LIFE’S QUESTION COURTESY OF KYLE BERGFORS
I just listened to the new Life’s Question EP for a second time. You’ll have to wait for April’s review roundup to get my full thoughts on it, but one thing is for certain — this is not your older brother’s hardcore. Sure, it owes a lot to Trapped Under Ice, but Life’s Question take the melodic elements from Big Kiss Goodnight and stretch them to — or even beyond — their logical limits.
The sing-scream dichotomy that slowly morphed turn-of-the-century metalcore into the realm of girl jeans and cartoon monster merch is back. This time it’s coming from more of an alt-rock direction. Some of the clean sung parts on this Life’s Question record sound straight out of shoegaze songs. The band are far from being the first modern hardcore act to tread down the sing/scream path either. Scowl, Regulate and Never Ending Game are just a few examples of artists whose last records flirted with (or totally embraced) a bit of non-traditional melody. Hell, Life’s Question did it on their last release too, as far as I can remember.
Something about their new stuff feels different, though.
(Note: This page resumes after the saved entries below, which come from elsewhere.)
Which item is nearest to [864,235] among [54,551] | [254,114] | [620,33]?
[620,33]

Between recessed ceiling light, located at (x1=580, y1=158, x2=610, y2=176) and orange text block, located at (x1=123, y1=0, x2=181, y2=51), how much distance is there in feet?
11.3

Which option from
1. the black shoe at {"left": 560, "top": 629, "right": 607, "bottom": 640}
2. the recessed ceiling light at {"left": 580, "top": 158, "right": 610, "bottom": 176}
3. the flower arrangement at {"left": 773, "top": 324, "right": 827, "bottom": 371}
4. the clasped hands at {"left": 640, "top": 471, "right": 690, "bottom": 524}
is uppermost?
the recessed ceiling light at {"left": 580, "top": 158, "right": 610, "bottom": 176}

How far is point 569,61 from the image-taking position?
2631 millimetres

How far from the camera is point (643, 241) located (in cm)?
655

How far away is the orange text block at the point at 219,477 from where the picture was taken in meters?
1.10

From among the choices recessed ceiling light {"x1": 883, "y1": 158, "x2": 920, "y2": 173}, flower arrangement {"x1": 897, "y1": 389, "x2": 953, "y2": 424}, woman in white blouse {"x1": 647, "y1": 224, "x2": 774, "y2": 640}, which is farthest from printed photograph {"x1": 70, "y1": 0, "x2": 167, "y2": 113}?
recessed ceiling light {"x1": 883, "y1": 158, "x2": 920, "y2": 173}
It might be the context of where the scene is at, or the fact that clean sung hardcore choruses are starting to become more of a pattern than a trend. Whatever the case, when LQ hit the singing part on EP opener “Light Me Up”, I picture a room full of people spraying Monster Energy Drink on each other while inflatable pool floaties sail over their heads.
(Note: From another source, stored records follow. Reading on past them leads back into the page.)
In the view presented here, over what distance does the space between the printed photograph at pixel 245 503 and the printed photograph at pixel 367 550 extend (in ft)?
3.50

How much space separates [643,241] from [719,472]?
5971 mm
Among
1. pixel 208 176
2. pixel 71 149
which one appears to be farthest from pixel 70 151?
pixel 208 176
Contrast that with the rooms I’m more comfortable in — where bands play on the floor and can’t hear their own instruments — or the super violent, no regard for human life approach of beatdown-infused metallic shit, and to me, it feels like we’re living in separate worlds.
I hate to keep harping on the post-pandemic boom, but it really is a cultural flashpoint for hardcore. Coming back to shows in late 2021, it felt like there were no boundaries and nothing was off-limits. The influx of fresh blood, coupled with the unprecedented and relatively unchallenged success of Turnstile’s alt-rock infused break-out Glow On, made it seem like everything had potential for anyone to find it cool. Even until last year’s festival season — where I saw Gag and Pain of Truth on the same day at Tied Down — hardcore seemed like it had moved beyond the petty tribalism that plagued it pre-pandemic.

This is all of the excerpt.